#### Source data
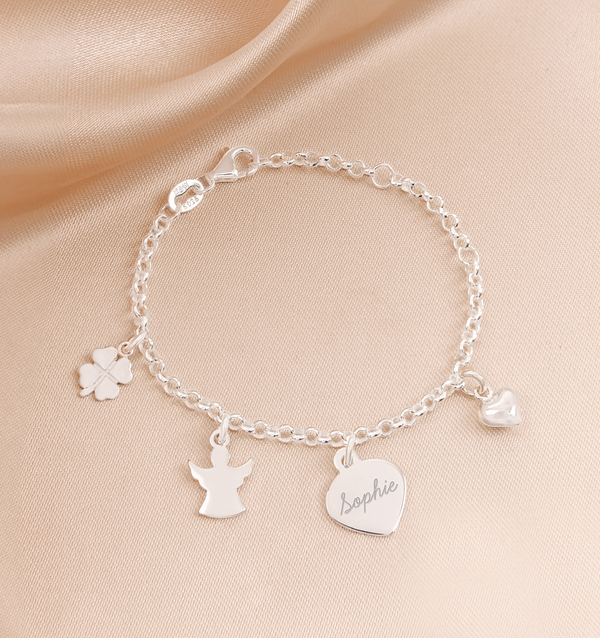 Silver-plated and stainless steel necklaces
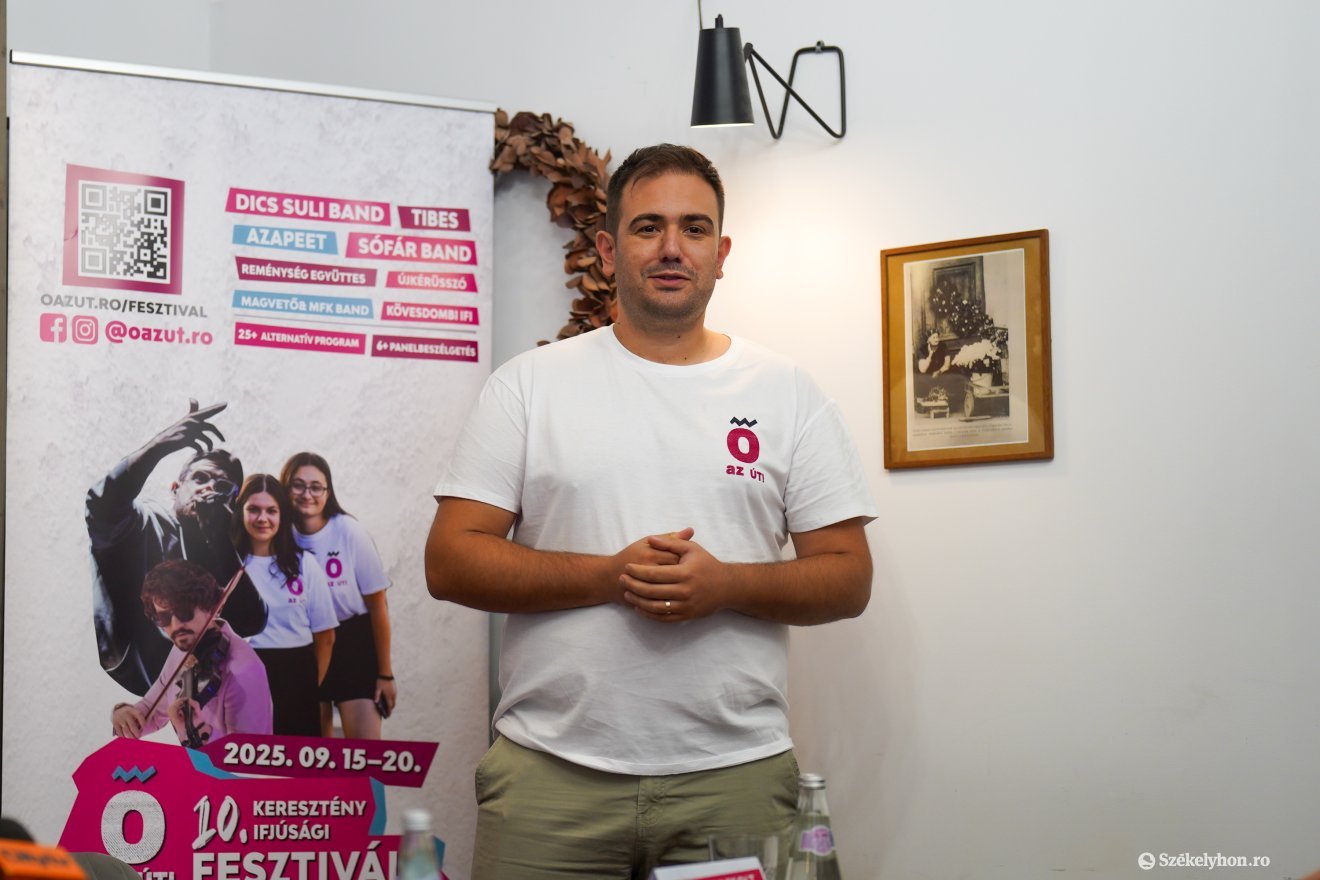 Bereczki Zsolt, főszervező •  Fotó: Haáz Vince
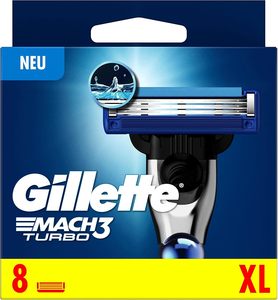 Gillette Mach3 Turbo Cuchillas de Recarga para Hombre, 3 Cuchillas de Recarga, 8 Cuchillas de Recarga, Cuchillas de Hierro Fuerte - Product Image 2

#### Exercise
Keep the pictures out, and write out the rest of the data above word for word.

#### Result for this task
 Silver-plated and stainless steel necklaces
 Bereczki Zsolt, főszervező •  Fotó: Haáz Vince
 Gillette Mach3 Turbo Cuchillas de Recarga para Hombre, 3 Cuchillas de Recarga, 8 Cuchillas de Recarga, Cuchillas de Hierro Fuerte - Product Image 2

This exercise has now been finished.